EXERCISE BRIEF → Look in the material below for the line with "Apartment Charming Loft In Prime Location *" and the line with "3057 S Sweetwater", then set down exactly those two lines and all lines between, nothing more.
+++
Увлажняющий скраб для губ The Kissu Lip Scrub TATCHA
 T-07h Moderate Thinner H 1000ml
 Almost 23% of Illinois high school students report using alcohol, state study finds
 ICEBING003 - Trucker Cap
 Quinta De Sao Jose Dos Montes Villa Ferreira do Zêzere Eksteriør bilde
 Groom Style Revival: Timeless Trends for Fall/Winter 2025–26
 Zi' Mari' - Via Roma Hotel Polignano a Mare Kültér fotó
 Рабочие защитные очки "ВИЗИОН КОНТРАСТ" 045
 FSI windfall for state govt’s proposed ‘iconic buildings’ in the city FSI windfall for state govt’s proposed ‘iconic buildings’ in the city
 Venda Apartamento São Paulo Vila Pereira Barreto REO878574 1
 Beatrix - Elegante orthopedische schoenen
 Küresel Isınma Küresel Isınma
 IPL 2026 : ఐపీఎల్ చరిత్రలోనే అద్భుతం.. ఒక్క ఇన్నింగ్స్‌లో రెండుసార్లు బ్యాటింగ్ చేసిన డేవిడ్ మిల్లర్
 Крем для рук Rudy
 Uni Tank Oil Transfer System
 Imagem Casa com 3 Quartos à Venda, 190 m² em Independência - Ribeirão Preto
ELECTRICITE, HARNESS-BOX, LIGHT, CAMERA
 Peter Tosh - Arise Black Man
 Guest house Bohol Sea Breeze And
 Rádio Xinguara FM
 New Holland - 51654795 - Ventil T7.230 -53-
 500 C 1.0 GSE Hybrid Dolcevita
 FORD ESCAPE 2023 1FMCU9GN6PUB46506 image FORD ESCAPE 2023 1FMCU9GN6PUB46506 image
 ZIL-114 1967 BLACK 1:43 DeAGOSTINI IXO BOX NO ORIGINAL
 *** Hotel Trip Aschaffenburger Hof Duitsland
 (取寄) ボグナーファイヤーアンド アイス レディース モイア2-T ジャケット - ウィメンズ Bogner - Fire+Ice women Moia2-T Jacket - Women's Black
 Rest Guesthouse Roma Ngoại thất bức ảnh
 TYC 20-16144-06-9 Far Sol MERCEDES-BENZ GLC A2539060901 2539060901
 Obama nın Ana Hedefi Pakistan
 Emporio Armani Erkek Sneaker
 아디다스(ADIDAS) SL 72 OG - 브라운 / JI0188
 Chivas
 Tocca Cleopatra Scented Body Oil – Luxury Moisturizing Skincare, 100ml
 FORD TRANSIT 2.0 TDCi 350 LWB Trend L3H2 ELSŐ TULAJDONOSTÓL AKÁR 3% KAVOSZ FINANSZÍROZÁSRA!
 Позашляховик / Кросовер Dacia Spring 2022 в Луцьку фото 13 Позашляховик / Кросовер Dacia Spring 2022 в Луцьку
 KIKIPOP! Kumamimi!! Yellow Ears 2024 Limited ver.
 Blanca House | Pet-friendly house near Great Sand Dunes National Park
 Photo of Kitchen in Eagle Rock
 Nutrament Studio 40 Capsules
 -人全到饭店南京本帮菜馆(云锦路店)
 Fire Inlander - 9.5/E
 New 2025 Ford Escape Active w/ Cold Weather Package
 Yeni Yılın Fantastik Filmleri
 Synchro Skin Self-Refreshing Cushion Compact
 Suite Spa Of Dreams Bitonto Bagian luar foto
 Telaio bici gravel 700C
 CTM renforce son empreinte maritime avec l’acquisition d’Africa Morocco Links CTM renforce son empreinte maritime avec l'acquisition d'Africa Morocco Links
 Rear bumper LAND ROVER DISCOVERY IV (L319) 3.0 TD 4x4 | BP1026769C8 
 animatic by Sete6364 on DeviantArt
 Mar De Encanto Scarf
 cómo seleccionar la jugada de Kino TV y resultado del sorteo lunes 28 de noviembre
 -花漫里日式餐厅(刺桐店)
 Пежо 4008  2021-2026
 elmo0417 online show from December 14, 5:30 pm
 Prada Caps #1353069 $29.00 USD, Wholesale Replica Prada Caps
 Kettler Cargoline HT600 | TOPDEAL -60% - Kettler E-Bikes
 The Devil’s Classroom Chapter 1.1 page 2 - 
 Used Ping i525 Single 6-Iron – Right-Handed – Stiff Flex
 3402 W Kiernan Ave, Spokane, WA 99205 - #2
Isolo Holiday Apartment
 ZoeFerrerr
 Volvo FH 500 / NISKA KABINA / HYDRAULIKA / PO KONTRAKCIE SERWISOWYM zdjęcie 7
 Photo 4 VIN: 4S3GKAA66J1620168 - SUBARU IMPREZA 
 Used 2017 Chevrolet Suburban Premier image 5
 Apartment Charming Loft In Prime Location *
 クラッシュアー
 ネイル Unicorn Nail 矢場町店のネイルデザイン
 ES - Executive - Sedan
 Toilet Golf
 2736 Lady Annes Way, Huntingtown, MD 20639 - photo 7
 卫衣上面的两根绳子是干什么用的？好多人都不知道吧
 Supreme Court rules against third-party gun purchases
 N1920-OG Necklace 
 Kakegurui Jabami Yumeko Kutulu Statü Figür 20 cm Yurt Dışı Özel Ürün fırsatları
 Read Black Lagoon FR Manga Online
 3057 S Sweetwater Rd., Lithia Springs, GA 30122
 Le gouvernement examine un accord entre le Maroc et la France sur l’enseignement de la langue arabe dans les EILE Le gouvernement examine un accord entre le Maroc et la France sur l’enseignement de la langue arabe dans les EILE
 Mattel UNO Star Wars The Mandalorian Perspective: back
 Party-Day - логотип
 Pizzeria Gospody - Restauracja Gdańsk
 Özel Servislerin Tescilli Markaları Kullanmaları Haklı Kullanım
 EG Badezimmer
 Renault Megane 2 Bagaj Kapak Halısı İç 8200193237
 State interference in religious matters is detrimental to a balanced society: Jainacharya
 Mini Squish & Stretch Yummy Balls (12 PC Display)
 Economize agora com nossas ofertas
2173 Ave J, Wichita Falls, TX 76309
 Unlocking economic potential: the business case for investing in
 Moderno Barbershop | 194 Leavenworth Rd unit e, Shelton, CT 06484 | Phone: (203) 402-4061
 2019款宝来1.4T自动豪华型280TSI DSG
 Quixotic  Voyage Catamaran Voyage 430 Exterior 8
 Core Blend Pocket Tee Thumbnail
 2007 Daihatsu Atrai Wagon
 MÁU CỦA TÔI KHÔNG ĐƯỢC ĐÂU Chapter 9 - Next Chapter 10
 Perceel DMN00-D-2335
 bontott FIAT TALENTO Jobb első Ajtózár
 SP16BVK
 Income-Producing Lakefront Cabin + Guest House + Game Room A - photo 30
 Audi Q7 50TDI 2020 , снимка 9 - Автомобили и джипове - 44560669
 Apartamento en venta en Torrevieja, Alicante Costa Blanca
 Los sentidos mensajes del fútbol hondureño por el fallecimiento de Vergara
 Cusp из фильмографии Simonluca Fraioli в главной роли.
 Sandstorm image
+++
RESPONSE →
 Apartment Charming Loft In Prime Location *
 クラッシュアー
 ネイル Unicorn Nail 矢場町店のネイルデザイン
 ES - Executive - Sedan
 Toilet Golf
 2736 Lady Annes Way, Huntingtown, MD 20639 - photo 7
 卫衣上面的两根绳子是干什么用的？好多人都不知道吧
 Supreme Court rules against third-party gun purchases
 N1920-OG Necklace 
 Kakegurui Jabami Yumeko Kutulu Statü Figür 20 cm Yurt Dışı Özel Ürün fırsatları
 Read Black Lagoon FR Manga Online
 3057 S Sweetwater Rd., Lithia Springs, GA 30122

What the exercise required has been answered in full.